The allocation of InnoDB compressed pages is based on a binary buddy system, impelemented in buf0buddy.c. When the first 4k compressed page is allocated, buf0buddy.c will request a 16k page frame from the main buffer pool. This will then be split to 8k pages and further to 4k pages, to fulfill the request.

When a page is freed, the buddy system can try to relocate blocks in order to create bigger free blocks. If you are only using 4k compressed pages, it probably does not seem to make that much sense to try to relocate blocks in order to get a free 8k block when releasing a 4k block.

However, this relocation could still make some sense. If you release 4*n*4k blocks, the current system could release a full n*16k pages to the buffer pool. With the relocation disabled, in the worst case you would have one 4k block allocated in each 16k block, and the buffer pool would be underutilized. It is somewhat tricky to test and tweak this, because pages are not freed directly, but through the buffer pool LRU and unzip_LRU mechanism.

Thank you for the great bug report, Yoshinori! 

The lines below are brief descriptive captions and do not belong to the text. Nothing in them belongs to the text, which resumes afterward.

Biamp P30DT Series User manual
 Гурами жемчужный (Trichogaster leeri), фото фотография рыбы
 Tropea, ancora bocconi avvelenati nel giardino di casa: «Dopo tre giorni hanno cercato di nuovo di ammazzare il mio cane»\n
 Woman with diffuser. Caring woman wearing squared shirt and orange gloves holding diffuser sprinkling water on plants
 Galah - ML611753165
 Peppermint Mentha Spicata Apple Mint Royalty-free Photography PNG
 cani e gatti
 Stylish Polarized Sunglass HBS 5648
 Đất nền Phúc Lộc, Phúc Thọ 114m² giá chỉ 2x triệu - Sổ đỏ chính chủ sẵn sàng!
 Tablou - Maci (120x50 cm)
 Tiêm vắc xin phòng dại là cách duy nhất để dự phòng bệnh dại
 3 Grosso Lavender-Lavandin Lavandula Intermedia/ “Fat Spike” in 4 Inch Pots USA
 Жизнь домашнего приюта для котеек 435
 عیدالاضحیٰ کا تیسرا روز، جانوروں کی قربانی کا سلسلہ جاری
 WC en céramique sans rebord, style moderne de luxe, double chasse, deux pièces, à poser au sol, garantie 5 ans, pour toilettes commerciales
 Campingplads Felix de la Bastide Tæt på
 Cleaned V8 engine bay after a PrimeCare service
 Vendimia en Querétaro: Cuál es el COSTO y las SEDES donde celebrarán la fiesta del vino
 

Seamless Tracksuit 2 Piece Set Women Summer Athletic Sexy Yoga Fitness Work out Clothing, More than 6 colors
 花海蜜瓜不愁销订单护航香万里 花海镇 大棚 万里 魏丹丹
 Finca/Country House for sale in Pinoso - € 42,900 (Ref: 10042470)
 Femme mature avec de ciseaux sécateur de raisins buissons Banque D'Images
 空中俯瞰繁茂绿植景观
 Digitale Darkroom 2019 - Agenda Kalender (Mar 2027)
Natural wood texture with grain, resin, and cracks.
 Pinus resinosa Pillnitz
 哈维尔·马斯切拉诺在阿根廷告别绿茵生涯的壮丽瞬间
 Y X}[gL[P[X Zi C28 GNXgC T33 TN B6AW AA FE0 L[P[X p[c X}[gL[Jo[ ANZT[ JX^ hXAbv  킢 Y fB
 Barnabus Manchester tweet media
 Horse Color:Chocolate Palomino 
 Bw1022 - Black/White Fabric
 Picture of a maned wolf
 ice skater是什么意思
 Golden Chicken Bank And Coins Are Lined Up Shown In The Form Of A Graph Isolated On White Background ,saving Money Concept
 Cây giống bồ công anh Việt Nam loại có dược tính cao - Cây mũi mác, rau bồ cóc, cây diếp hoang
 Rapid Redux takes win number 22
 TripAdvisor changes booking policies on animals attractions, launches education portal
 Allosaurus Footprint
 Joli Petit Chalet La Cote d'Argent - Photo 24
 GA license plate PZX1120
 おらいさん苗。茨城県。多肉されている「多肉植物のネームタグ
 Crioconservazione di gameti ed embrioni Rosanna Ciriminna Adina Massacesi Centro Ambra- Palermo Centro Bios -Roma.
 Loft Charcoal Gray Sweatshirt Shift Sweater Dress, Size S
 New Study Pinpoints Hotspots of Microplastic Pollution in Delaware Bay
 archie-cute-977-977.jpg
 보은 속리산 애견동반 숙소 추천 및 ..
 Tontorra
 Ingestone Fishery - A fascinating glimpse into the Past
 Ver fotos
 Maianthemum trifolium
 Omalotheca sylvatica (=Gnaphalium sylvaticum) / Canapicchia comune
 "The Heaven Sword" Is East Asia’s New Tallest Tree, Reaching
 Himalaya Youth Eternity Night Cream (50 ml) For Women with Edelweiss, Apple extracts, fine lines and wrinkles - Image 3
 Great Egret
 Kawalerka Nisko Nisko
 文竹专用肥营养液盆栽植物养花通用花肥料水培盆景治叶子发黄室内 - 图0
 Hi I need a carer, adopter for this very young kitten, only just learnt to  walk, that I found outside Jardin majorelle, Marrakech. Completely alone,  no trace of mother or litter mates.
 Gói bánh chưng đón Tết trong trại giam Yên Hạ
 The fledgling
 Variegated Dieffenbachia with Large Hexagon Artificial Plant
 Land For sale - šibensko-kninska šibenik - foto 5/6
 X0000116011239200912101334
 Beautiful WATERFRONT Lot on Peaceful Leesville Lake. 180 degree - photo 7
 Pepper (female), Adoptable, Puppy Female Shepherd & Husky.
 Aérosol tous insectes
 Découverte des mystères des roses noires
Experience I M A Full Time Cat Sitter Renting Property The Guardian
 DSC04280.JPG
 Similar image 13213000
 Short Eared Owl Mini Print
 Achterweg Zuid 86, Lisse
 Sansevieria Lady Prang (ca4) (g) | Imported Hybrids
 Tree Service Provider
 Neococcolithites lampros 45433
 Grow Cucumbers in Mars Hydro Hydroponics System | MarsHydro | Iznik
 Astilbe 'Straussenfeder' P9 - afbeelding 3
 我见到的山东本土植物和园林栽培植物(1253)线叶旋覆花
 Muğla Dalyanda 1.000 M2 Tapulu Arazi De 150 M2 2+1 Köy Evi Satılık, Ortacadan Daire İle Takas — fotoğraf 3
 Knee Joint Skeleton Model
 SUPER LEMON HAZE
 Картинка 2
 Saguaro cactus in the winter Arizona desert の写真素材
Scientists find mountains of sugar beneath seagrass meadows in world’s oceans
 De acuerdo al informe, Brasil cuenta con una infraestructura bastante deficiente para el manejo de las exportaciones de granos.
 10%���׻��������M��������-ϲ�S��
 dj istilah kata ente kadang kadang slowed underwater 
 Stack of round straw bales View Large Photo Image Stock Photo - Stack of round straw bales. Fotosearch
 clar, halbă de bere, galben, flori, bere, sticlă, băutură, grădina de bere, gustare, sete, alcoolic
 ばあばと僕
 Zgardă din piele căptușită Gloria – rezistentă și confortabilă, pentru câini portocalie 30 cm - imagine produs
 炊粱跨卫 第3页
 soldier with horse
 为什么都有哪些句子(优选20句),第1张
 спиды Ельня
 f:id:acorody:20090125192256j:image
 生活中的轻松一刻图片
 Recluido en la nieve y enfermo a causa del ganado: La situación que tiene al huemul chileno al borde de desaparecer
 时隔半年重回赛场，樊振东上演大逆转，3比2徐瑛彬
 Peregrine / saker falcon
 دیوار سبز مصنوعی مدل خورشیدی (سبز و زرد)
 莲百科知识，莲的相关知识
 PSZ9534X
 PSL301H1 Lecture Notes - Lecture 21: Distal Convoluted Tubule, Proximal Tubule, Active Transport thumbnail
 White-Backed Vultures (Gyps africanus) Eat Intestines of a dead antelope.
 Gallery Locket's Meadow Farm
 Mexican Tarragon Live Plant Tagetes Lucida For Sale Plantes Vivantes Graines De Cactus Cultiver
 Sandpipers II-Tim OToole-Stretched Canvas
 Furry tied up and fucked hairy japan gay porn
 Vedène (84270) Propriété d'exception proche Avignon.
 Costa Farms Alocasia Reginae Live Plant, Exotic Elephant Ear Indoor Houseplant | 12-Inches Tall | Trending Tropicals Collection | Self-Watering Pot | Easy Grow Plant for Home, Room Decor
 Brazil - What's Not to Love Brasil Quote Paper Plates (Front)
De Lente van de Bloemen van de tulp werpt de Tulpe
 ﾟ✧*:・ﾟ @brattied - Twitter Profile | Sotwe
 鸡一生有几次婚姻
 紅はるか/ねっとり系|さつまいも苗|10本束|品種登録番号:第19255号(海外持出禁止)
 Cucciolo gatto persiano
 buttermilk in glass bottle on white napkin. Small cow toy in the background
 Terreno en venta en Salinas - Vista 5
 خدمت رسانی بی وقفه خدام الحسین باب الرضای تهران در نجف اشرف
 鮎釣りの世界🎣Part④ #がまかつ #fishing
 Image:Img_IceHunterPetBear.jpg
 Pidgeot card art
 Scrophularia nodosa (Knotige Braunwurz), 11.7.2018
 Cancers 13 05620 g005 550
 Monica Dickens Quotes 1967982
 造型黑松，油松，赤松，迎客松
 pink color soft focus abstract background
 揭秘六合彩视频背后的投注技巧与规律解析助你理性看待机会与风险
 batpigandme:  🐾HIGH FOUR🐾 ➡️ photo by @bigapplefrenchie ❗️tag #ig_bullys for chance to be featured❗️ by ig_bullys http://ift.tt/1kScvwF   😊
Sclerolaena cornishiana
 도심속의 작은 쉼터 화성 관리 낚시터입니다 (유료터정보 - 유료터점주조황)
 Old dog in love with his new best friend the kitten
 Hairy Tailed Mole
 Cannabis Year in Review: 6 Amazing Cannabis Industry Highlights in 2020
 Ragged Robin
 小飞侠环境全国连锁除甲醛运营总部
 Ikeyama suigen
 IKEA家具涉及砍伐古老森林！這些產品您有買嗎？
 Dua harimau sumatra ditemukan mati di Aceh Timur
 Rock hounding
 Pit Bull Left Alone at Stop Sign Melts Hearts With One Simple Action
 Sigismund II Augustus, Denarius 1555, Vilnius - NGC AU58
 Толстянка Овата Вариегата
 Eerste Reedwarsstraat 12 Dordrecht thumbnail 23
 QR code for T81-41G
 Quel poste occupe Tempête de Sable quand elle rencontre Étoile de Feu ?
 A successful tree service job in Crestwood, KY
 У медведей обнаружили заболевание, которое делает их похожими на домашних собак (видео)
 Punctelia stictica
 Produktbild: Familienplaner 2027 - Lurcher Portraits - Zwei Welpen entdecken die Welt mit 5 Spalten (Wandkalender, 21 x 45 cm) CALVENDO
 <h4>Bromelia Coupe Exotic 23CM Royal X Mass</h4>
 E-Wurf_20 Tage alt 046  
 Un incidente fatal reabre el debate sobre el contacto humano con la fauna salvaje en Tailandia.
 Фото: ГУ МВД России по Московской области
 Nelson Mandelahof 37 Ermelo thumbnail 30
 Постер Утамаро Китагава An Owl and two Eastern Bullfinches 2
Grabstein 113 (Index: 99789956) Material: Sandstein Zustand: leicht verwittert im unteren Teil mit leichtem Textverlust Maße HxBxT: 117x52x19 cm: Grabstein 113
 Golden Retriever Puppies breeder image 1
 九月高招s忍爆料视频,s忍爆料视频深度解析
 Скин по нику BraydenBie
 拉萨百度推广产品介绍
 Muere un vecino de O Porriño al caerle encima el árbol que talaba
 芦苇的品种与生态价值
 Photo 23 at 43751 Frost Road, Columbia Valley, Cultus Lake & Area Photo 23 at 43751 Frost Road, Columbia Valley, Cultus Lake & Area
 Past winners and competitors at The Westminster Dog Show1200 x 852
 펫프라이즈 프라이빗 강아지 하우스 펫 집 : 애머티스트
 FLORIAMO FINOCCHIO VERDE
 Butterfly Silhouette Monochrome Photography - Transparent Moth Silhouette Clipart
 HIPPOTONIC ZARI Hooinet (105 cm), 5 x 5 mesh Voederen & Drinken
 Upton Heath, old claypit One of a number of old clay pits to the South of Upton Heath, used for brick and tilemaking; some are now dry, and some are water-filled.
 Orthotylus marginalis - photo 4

I have marked this as verified and moved it into the internal bugs DB for the InnoDB team to examine further.

Note: I have fixed this issue in our branch by changing zip_free from a list to a rb tree.

Added changelog entry to 5.6.11, 5.7.1:

"When the InnoDB buffer pool is almost filled with 4KB compressed pages, inserting into 16KB compact tables would cause 8KB >pages_free to increase, which could potentially slow or stall inserts."